WHAT YOU HAVE TO DO |
Since only part of the material below is wanted, output exactly the lines from the one with "black toenail diabetes treatment" up to and including the one with "Atlas Antibodies Anti-RWDD1 Antibody".

THE DATA |
--------------------------------------------------

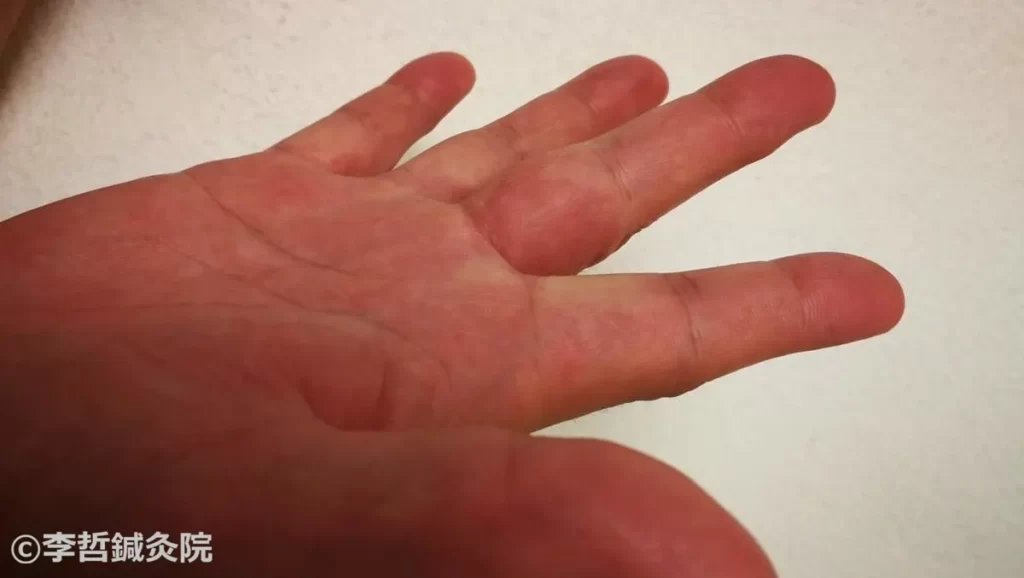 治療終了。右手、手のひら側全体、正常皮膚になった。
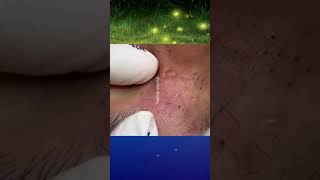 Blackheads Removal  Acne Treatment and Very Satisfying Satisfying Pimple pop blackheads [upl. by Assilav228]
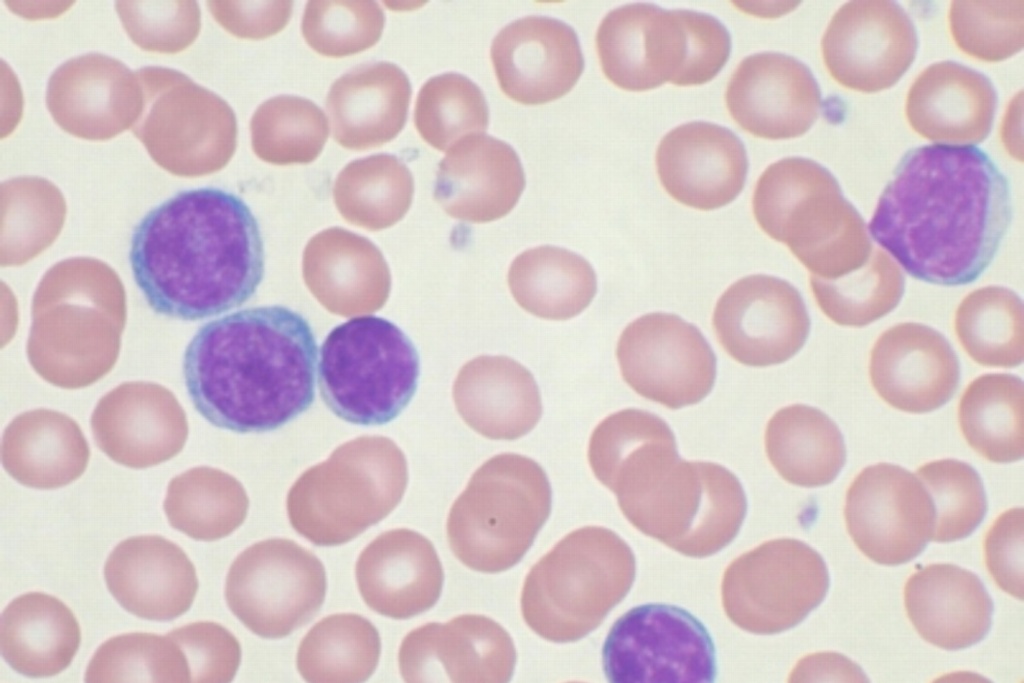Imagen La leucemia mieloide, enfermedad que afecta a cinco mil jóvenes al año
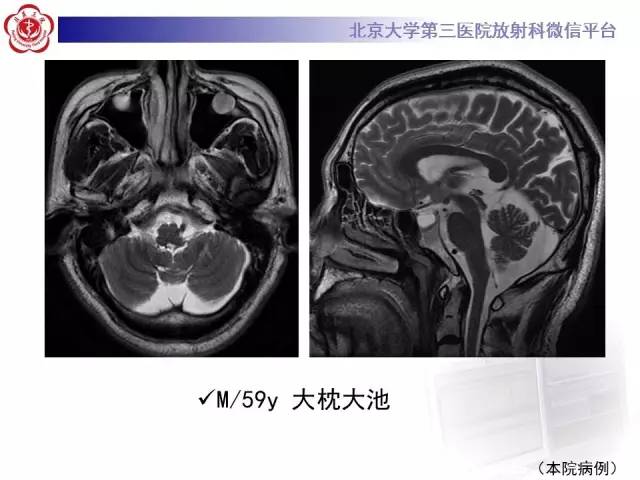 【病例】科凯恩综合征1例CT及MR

--------------------------------------------------

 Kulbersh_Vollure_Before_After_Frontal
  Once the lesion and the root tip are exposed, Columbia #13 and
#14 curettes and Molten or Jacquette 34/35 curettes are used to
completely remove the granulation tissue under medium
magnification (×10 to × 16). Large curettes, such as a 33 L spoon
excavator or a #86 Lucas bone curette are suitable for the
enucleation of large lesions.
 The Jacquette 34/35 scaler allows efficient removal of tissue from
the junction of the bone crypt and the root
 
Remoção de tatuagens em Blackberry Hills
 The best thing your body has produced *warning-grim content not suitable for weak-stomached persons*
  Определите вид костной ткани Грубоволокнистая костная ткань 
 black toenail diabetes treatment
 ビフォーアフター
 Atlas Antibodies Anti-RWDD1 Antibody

--------------------------------------------------

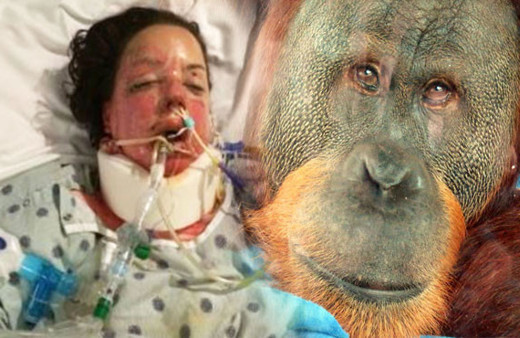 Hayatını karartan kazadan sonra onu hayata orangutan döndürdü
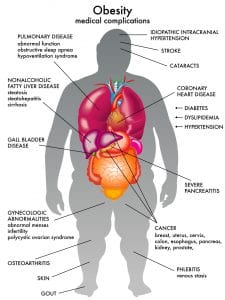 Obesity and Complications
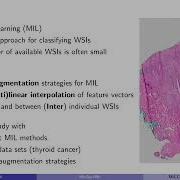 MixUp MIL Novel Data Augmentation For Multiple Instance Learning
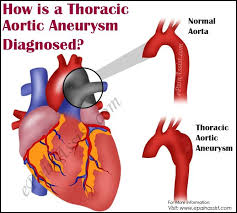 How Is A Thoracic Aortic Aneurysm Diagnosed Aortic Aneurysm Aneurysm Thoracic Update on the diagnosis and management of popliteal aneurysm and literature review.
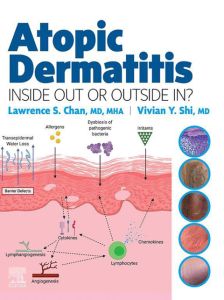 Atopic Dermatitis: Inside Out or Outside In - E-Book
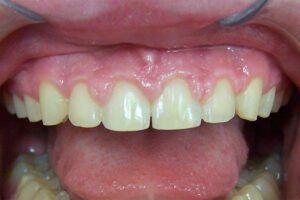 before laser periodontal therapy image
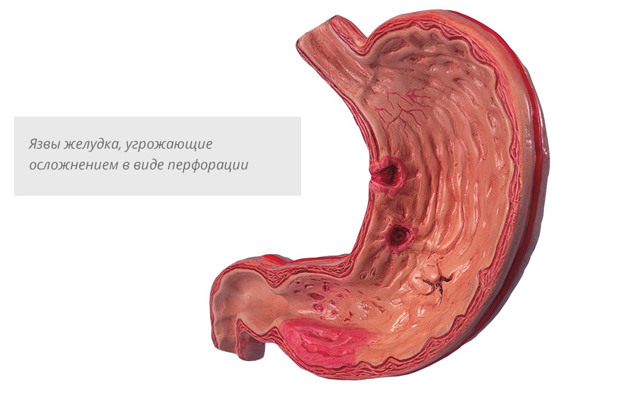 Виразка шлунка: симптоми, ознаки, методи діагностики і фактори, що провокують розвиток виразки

--------------------------------------------------

THE COMPLETED TASK |
 black toenail diabetes treatment
 ビフォーアフター
 Atlas Antibodies Anti-RWDD1 Antibody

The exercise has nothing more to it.